The subzero temperatures that give Minnesota its frosty reputation blew into the state Friday morning, sending a shiver through some weekend activities and putting others on ice.
And the worst of this winter so far was said to be still on its way next week.
In the Twin Cities on Friday, temperatures hovering around zero left an impression. Extra dogs streamed into a downtown day care, frostbite cases ticked up at a hospital and some events were called off. Gov. Tim Walz even speculated about possibly closing schools next week to protect against the big chill.
But many signature winter events, like the St. Paul Winter Carnival and the U.S. Pond Hockey Championships in south Minneapolis, were still on track to continue through the weekend.
“It’s Minnesota — when has the cold hurt you?” said Brittany Schneider while watching the pond hockey activities with her family at Lake Nokomis.
More than 30 Boy Scouts planned to sleep outdoors in DIY shelters this weekend at a camp north of Brainerd. Enduring a night of subzero temperatures will earn them a Zero Hero badge, though organizers said they will be at the ready if the Scouts want to go inside.
“We tell them, ‘It is not a shame to say I’m cold,’ ” said Mary Herlich, camp program manager. “There will be plenty of opportunities to get that Zero Hero badge.”
For others, such activities weren’t worth the risk.
A group of more than 30 cadets with the Minnesota division of the Civil Air Patrol — most of them teenagers — had planned to spend the weekend in the woods north of Bemidji learning winter survival skills. But the annual training, which includes building shelters and learning how to signal airplanes, was postponed.
“With the cold and the wind temperatures, anytime you’re looking at 10 below, 15 below, there’s no sense going,” said Jim Jagow, chief of staff for the Minnesota Wing Commander of the Civil Air Patrol.
HCMC in downtown Minneapolis had seen six cases of frostbite since Thursday, two of them severe enough to require admission. That brought the overall number of cases this month to 28.
And that could rise even higher next week, when temperatures are forecast to dip deep below zero. Joe Calderone, a senior forecaster with the National Weather Service in Chanhassen, said there will be low double-digit highs on Saturday before the mercury plunges into the negative 20s on Tuesday night following a period of snow.

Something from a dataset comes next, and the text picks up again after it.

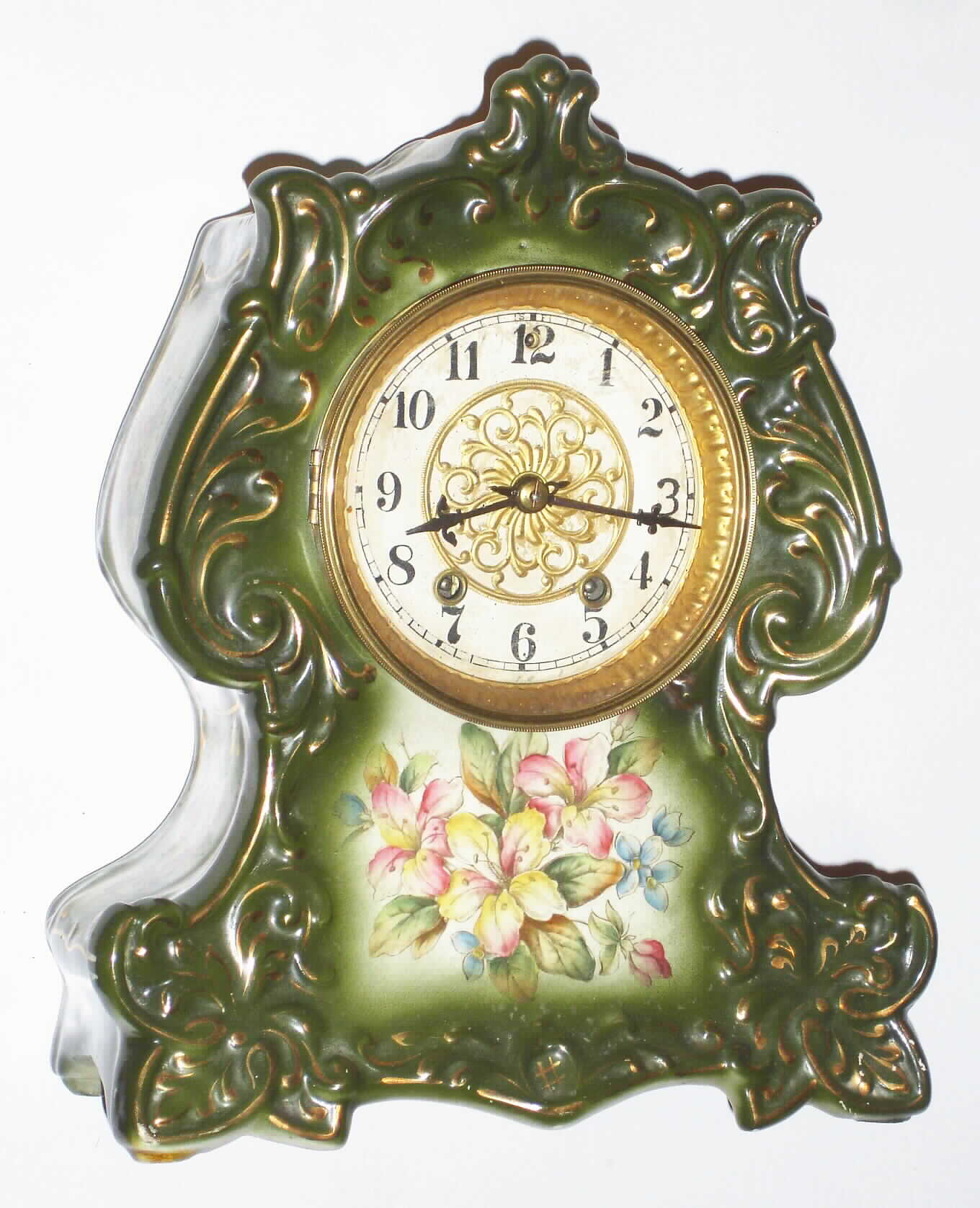 Waterbury Clock Co., Waterbury, Conn., "No. 98" 8 day, time and strike porcelain mantel clock, c1900 — Antique Clocks Price Guide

“We’re looking at exceptionally cold air coming in here for the Tuesday-through-Thursday period of next week,” Calderone said.
Walz said Friday that his staff was mulling the circumstances under which the state might shut down all schools, as happened in 2014 when temperatures were forecast to drop to 25 to 35 below across the state.

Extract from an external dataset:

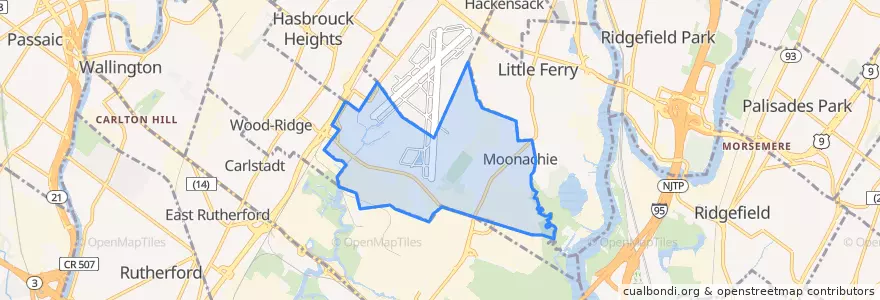Mapa de ubicacion de Moonachie.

“I’ve asked my team to put together … the criteria,” Walz said. “But in full disclosure, I really trust local officials and superintendents to make these decisions. We’ll see when it’s the proper role.”

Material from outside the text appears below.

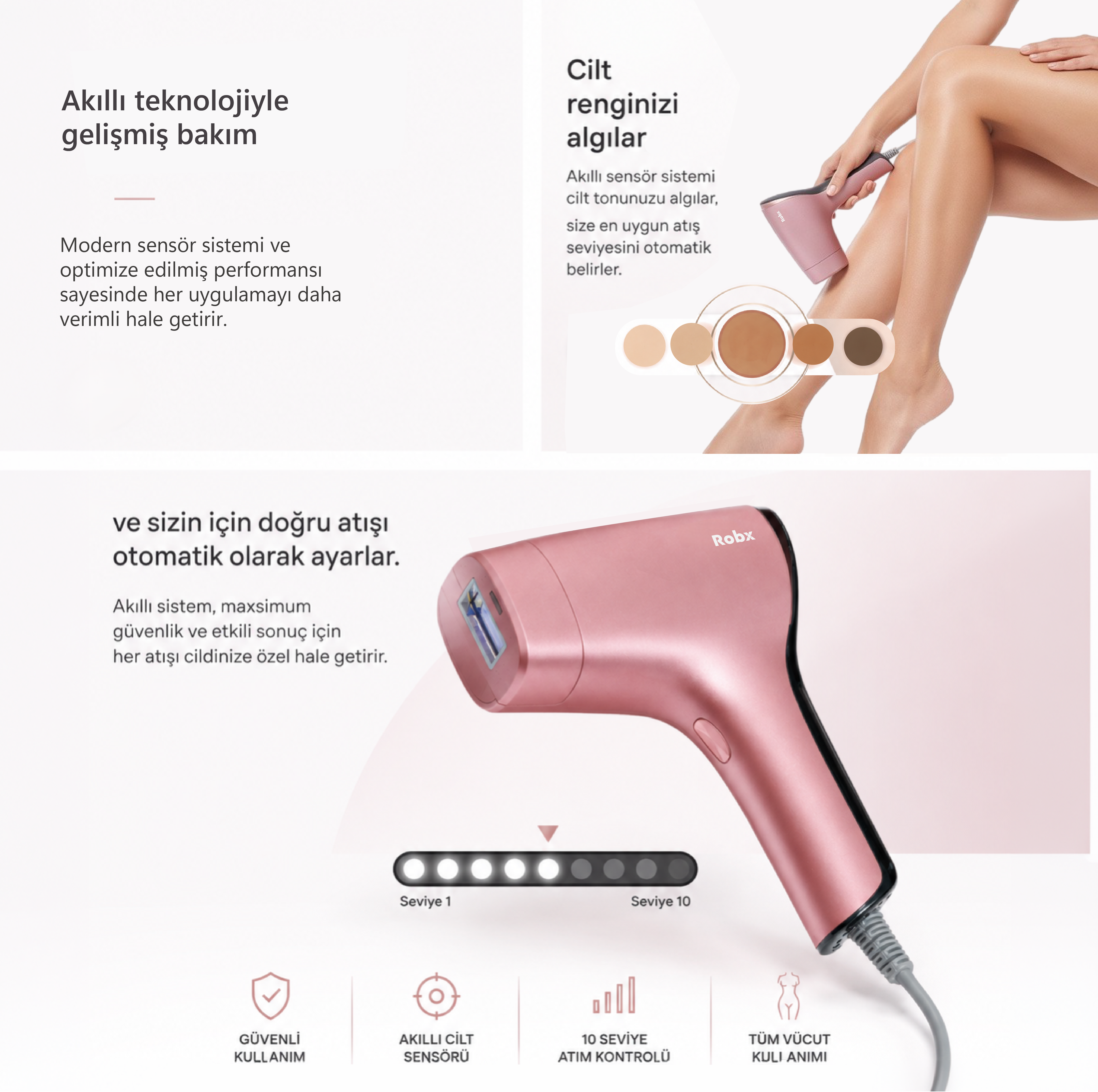 Robx A05 Ipl 3 Milyon Atım Akıllı Cilt Tanıma Ultra Seri Atım Ipl Cihazı Pembe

In preparation for next week, downtown Minneapolis nonprofit YouthLink — which works with homeless youth — said it would be open 24 hours a day Monday through Friday.
Many people interviewed outdoors on Friday emphasized one word: layers.
“I just think you should dress for it. Don’t try to be cute. Layers, layers, layers,” said Heidi Iverson, a letter carrier filling up her car at a south Minneapolis gas station.
The number of dogs coming into Downtown Dogs day care goes up by about 50 percent when the weather turns this cold, owner Ralph Bernstein said.
“A lot of it really is about making sure that the dogs get the exercise and runaround and play time that they wouldn’t otherwise get because it’s just too cold,” Bernstein said. “It’s unhealthy, even for a dog who lives with a fur coat.”
Nick Magrino had planned to host an annual ice-fishing party Saturday with friends on Bde Maka Ska, formerly Lake Calhoun. His family even flew in from Virginia for the event. But he postponed it for the first time in its seven-year existence after closely watching the weather forecast.
“Obviously it’s great to embrace winter, but it’s not super fun if it’s, like, five degrees and cloudy and windy,” Magrino said.
Light-rail passenger Brittany Whiteman, enduring her first Minnesota winter, wondered aloud why she had moved here. But she quickly remembered that the summers make it worthwhile.
“I’m glad we live here,” she said. “But dang, it’s cold.”
Staff writer J. Patrick Coolican and University of Minnesota student David Mullen contributed to this report.